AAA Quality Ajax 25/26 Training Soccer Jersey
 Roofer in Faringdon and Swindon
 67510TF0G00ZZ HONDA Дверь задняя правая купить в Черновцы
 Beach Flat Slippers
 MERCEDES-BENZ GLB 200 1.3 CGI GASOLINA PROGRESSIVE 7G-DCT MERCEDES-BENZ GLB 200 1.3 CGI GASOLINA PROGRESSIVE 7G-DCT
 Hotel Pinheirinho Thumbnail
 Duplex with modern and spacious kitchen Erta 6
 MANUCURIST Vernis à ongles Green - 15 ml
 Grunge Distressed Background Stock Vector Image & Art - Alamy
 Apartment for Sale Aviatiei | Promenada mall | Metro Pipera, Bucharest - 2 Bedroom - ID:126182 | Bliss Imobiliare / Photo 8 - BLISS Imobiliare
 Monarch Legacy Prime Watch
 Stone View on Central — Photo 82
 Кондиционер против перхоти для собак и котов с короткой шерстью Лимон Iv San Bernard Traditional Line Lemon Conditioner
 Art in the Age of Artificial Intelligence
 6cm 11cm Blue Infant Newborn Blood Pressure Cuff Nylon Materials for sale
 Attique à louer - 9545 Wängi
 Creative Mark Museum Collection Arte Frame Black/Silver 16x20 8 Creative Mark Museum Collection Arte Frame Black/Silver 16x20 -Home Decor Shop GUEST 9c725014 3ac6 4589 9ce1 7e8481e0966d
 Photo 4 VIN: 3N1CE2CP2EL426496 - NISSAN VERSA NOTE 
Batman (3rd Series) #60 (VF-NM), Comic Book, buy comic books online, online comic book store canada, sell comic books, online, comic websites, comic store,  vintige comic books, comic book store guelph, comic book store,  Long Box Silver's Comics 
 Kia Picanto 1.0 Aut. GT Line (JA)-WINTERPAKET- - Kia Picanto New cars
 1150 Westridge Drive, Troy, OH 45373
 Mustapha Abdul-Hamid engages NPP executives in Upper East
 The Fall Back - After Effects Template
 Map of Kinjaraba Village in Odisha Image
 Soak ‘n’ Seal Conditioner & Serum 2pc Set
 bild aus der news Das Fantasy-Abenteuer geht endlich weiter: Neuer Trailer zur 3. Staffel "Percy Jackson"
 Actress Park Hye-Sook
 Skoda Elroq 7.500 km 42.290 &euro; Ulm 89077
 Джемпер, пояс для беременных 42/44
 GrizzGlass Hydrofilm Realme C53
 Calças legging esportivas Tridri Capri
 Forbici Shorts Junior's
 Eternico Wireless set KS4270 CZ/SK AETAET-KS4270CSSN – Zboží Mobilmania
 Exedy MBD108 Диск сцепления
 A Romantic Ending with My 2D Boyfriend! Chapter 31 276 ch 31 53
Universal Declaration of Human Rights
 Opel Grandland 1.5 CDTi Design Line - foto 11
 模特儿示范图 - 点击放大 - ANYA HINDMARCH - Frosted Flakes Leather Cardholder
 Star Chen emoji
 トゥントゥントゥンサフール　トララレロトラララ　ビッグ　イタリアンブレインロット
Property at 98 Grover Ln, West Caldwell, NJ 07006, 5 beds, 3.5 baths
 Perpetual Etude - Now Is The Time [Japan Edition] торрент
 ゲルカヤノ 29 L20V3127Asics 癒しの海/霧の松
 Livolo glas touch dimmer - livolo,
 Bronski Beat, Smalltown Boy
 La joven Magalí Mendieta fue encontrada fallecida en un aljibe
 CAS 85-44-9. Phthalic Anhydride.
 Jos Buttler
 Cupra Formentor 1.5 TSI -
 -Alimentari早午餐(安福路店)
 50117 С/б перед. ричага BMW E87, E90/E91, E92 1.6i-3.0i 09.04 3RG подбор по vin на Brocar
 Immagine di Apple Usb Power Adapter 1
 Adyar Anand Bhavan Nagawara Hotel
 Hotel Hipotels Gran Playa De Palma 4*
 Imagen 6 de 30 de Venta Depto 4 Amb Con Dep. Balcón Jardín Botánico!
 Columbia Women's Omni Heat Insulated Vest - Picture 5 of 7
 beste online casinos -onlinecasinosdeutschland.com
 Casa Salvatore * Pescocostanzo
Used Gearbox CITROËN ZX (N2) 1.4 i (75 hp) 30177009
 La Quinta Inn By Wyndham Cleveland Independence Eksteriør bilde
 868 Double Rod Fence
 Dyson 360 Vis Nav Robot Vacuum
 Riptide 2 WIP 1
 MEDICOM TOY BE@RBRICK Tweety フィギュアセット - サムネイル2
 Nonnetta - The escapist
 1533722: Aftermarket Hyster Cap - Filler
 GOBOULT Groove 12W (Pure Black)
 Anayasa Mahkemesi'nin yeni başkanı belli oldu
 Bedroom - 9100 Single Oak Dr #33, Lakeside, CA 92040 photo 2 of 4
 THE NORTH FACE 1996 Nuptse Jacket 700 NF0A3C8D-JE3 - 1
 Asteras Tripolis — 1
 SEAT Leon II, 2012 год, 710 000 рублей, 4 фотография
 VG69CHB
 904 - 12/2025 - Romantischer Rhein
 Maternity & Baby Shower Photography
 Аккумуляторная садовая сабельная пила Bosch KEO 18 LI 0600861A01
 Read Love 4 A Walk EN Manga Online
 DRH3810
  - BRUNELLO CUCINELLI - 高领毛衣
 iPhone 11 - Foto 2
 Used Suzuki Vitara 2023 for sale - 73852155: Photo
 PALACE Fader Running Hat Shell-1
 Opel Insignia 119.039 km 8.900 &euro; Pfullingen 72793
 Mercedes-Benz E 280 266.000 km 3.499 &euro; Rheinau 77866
· · ·
Transcribe the material above in its entirety, precisely as written.

SOLUTION TO THE PROBLEM:
AAA Quality Ajax 25/26 Training Soccer Jersey
 Roofer in Faringdon and Swindon
 67510TF0G00ZZ HONDA Дверь задняя правая купить в Черновцы
 Beach Flat Slippers
 MERCEDES-BENZ GLB 200 1.3 CGI GASOLINA PROGRESSIVE 7G-DCT MERCEDES-BENZ GLB 200 1.3 CGI GASOLINA PROGRESSIVE 7G-DCT
 Hotel Pinheirinho Thumbnail
 Duplex with modern and spacious kitchen Erta 6
 MANUCURIST Vernis à ongles Green - 15 ml
 Grunge Distressed Background Stock Vector Image & Art - Alamy
 Apartment for Sale Aviatiei | Promenada mall | Metro Pipera, Bucharest - 2 Bedroom - ID:126182 | Bliss Imobiliare / Photo 8 - BLISS Imobiliare
 Monarch Legacy Prime Watch
 Stone View on Central — Photo 82
 Кондиционер против перхоти для собак и котов с короткой шерстью Лимон Iv San Bernard Traditional Line Lemon Conditioner
 Art in the Age of Artificial Intelligence
 6cm 11cm Blue Infant Newborn Blood Pressure Cuff Nylon Materials for sale
 Attique à louer - 9545 Wängi
 Creative Mark Museum Collection Arte Frame Black/Silver 16x20 8 Creative Mark Museum Collection Arte Frame Black/Silver 16x20 -Home Decor Shop GUEST 9c725014 3ac6 4589 9ce1 7e8481e0966d
 Photo 4 VIN: 3N1CE2CP2EL426496 - NISSAN VERSA NOTE 
Batman (3rd Series) #60 (VF-NM), Comic Book, buy comic books online, online comic book store canada, sell comic books, online, comic websites, comic store,  vintige comic books, comic book store guelph, comic book store,  Long Box Silver's Comics 
 Kia Picanto 1.0 Aut. GT Line (JA)-WINTERPAKET- - Kia Picanto New cars
 1150 Westridge Drive, Troy, OH 45373
 Mustapha Abdul-Hamid engages NPP executives in Upper East
 The Fall Back - After Effects Template
 Map of Kinjaraba Village in Odisha Image
 Soak ‘n’ Seal Conditioner & Serum 2pc Set
 bild aus der news Das Fantasy-Abenteuer geht endlich weiter: Neuer Trailer zur 3. Staffel "Percy Jackson"
 Actress Park Hye-Sook
 Skoda Elroq 7.500 km 42.290 &euro; Ulm 89077
 Джемпер, пояс для беременных 42/44
 GrizzGlass Hydrofilm Realme C53
 Calças legging esportivas Tridri Capri
 Forbici Shorts Junior's
 Eternico Wireless set KS4270 CZ/SK AETAET-KS4270CSSN – Zboží Mobilmania
 Exedy MBD108 Диск сцепления
 A Romantic Ending with My 2D Boyfriend! Chapter 31 276 ch 31 53
Universal Declaration of Human Rights
 Opel Grandland 1.5 CDTi Design Line - foto 11
 模特儿示范图 - 点击放大 - ANYA HINDMARCH - Frosted Flakes Leather Cardholder
 Star Chen emoji
 トゥントゥントゥンサフール　トララレロトラララ　ビッグ　イタリアンブレインロット
Property at 98 Grover Ln, West Caldwell, NJ 07006, 5 beds, 3.5 baths
 Perpetual Etude - Now Is The Time [Japan Edition] торрент
 ゲルカヤノ 29 L20V3127Asics 癒しの海/霧の松
 Livolo glas touch dimmer - livolo,
 Bronski Beat, Smalltown Boy
 La joven Magalí Mendieta fue encontrada fallecida en un aljibe
 CAS 85-44-9. Phthalic Anhydride.
 Jos Buttler
 Cupra Formentor 1.5 TSI -
 -Alimentari早午餐(安福路店)
 50117 С/б перед. ричага BMW E87, E90/E91, E92 1.6i-3.0i 09.04 3RG подбор по vin на Brocar
 Immagine di Apple Usb Power Adapter 1
 Adyar Anand Bhavan Nagawara Hotel
 Hotel Hipotels Gran Playa De Palma 4*
 Imagen 6 de 30 de Venta Depto 4 Amb Con Dep. Balcón Jardín Botánico!
 Columbia Women's Omni Heat Insulated Vest - Picture 5 of 7
 beste online casinos -onlinecasinosdeutschland.com
 Casa Salvatore * Pescocostanzo
Used Gearbox CITROËN ZX (N2) 1.4 i (75 hp) 30177009
 La Quinta Inn By Wyndham Cleveland Independence Eksteriør bilde
 868 Double Rod Fence
 Dyson 360 Vis Nav Robot Vacuum
 Riptide 2 WIP 1
 MEDICOM TOY BE@RBRICK Tweety フィギュアセット - サムネイル2
 Nonnetta - The escapist
 1533722: Aftermarket Hyster Cap - Filler
 GOBOULT Groove 12W (Pure Black)
 Anayasa Mahkemesi'nin yeni başkanı belli oldu
 Bedroom - 9100 Single Oak Dr #33, Lakeside, CA 92040 photo 2 of 4
 THE NORTH FACE 1996 Nuptse Jacket 700 NF0A3C8D-JE3 - 1
 Asteras Tripolis — 1
 SEAT Leon II, 2012 год, 710 000 рублей, 4 фотография
 VG69CHB
 904 - 12/2025 - Romantischer Rhein
 Maternity & Baby Shower Photography
 Аккумуляторная садовая сабельная пила Bosch KEO 18 LI 0600861A01
 Read Love 4 A Walk EN Manga Online
 DRH3810
  - BRUNELLO CUCINELLI - 高领毛衣
 iPhone 11 - Foto 2
 Used Suzuki Vitara 2023 for sale - 73852155: Photo
 PALACE Fader Running Hat Shell-1
 Opel Insignia 119.039 km 8.900 &euro; Pfullingen 72793
 Mercedes-Benz E 280 266.000 km 3.499 &euro; Rheinau 77866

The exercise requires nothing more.